Jezus stelt Petrus driemaal dezelfde vraag, alsof hij hem met deze herhaling de kans wil geven zijn drievoudige verloochening goed te maken. Petrus heeft zijn lesje al gehad, hij heeft lering getrokken uit zijn eigen ellende. Hij kent zijn eigen zwakheid en is er dus volledig van overtuigd dat het geen nut heeft met vermetele verklaringen te komen. Daarom legt hij alles in Christus' handen. Ja Heer, Gij weet, dat ik U bemin… Heer, Gij weet alles; Gij weet, dat ik U liefheb (Joh 21, 15 en 17). En wat antwoordt Christus? Weid mijn lammeren… Weid mijn schapen (Ibidem). Niet die van u, niet die van jullie: de zijne! Omdat de mens door Hem geschapen is, door Hem is vrijgekocht, heeft Hij alle zielen vrijgekocht, de een na de ander —ik herhaal het— met zijn Bloed als losprijs.

Toen de donatisten in de vijfde eeuw hun aanvallen op de katholieken richtten, verdedigden zij de stelling, dat het onmogelijk was, dat Augustinus, bisschop van Hippo, de waarheid onderwees, omdat hij een groot zondaar was geweest. En de heilige Augustinus deed zijn broeders in het geloof het volgende antwoord aan de hand: “Augustinus is bisschop van de Katholieke Kerk; hij draagt zijn last waarover hij aan God rekenschap moet afleggen. Ik heb hem onder de goede mensen leren kennen. Als hij slecht is, dan weet hij dat. Als hij goed is, heb ik zelf mijn hoop niet op hem gevestigd. Het eerste wat ik immers in de Katholieke Kerk geleerd heb, is mijn hoop niet op een mens te vestigen” (H. Augustinus, Enarrationes in Psalmos, 36, 3, 20 (PL 36, 395)).
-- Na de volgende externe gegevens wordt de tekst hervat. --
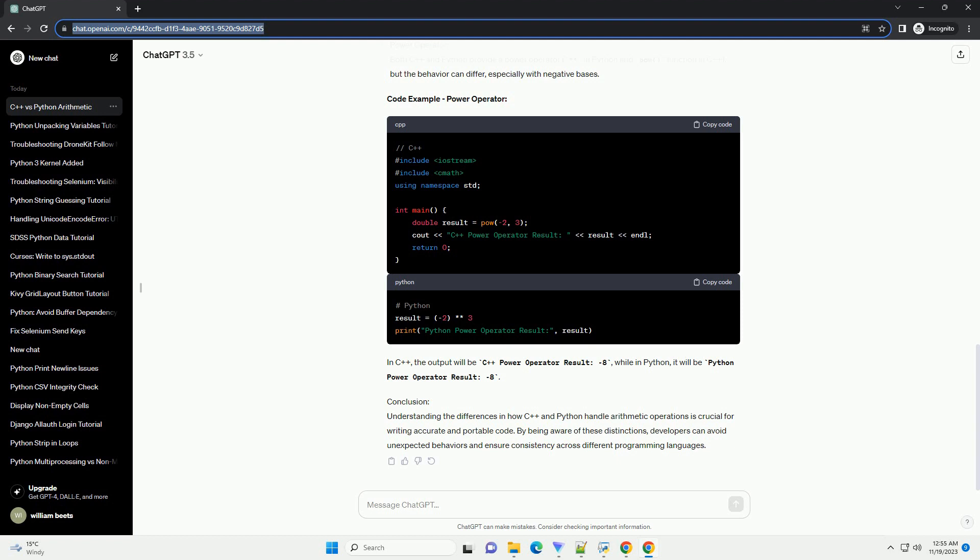Conclusion: Understanding the differences in how C++ and Python handle arithmetic operations is crucial for writing accurate and portable code. By being aware of these distinctions, developers can avoid unexpected behaviors and ensure consistency across different programming languages.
Het is niet 'ons apostolaat' dat we doen. Als dat het geval was, wat zouden we dan te zeggen hebben? Wij oefenen Christus' apostolaat uit, omdat God het wil, omdat Hij het ons heeft opgedragen: Gaat over heel de wereld en preek het evangelie (Mar 16, 15). De dwalingen en fouten zijn van ons, de vruchten komen de Heer toe.